ORDERED that the judgment is affirmed.
The defendant's contention that the evidence was legally insufficient to support his convictions is unpreserved for appellate review (see CPL 470.05[2]) and, in any event, without merit. Viewing the evidence in the light most favorable to the prosecution (see People v Contes, 60 NY2d 620), we find that it was legally sufficient to establish the defendant's guilt beyond a reasonable doubt. Contrary to the defendant's contention, the circumstantial evidence established a prima facie case as to his identity as a perpetrator of the crimes (see People v Alman, 181 AD3d 694; People v Drummond, 143 AD3d 836). Moreover, in fulfilling our responsibility to conduct an independent review of the weight of the evidence (see CPL 470.15[5]; People v Danielson, 9 NY3d 342, 349), we nevertheless accord great deference to the jury's opportunity to view the witnesses, hear the testimony, and observe demeanor (see People v Mateo, 2 NY3d 383, 410; People v Bleakley, 69 NY2d 490, 495). Upon reviewing the record here, we are satisfied that the verdict of guilt was not against the weight of the evidence (see People v Romero, 7 NY3d 633).
The defendant's contention that the Supreme Court should have granted that branch of his omnibus motion which was to suppress physical evidence is without merit. Contrary to the defendant's contention, the record supports the court's determination that the police officers had a reasonable suspicion of criminal activity to justify their pursuit of him (see People v Martinez, 80 NY2d 444, 448; People v Cantor, 36 NY2d 106, 112-113; cf. People v Sierra, 83 NY2d 928).
The defendant failed to preserve for appellate review his contentions that the prosecutor's opening and summation remarks, as well as the prosecutor's elicitation of allegedly inflammatory evidence from a witness, constituted reversible error. The defendant failed to object to the remarks or made only general objections, failed to request curative instructions, and did not [*2]timely move for a mistrial on the grounds now claimed (see CPL 470.05[2]; People v Romero, 7 NY3d 911, 912; People v Balls, 69 NY2d 641, 642; People v Kiarie, 198 AD3d 814, 815; People v Barrett, 159 AD3d 1018, 1018-1019). In any event, contrary to the defendant's contentions, the prosecutor's remarks and line of questioning, even taken cumulatively, were "not so flagrant or pervasive as to have deprived the defendant of a fair trial" (People v Kiarie, 198 AD3d at 815; see People v Molina, 188 AD3d 920, 922; People v Lindsey, 172 AD3d 1233, 1234).
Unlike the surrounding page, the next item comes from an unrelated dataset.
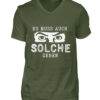 DRBXQ2H83J_A982-2587 Womens T - Herren V-Neck Shirt-2587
The defendant's claim that he was deprived of the constitutional right to the effective assistance of counsel is based, in part, on matter appearing on the record and, in part, on matter outside the record and, thus, constitutes a "mixed claim" of ineffective assistance (People v Maxwell, 89 AD3d 1108, 1109). Since the defendant's claim of ineffective assistance of counsel cannot be resolved without reference to matter outside the record, a CPL 440.10 proceeding is the appropriate forum for reviewing the claim in its entirety, and we decline to review the claim on this direct appeal (see People v Addison, 107 AD3d 730, 732; People v Freeman, 93 AD3d 805, 806; People v Maxwell, 89 AD3d at 1109).
The defendant's remaining contention is without merit.
BARROS, J.P., IANNACCI, MILLER and WOOTEN, JJ., concur.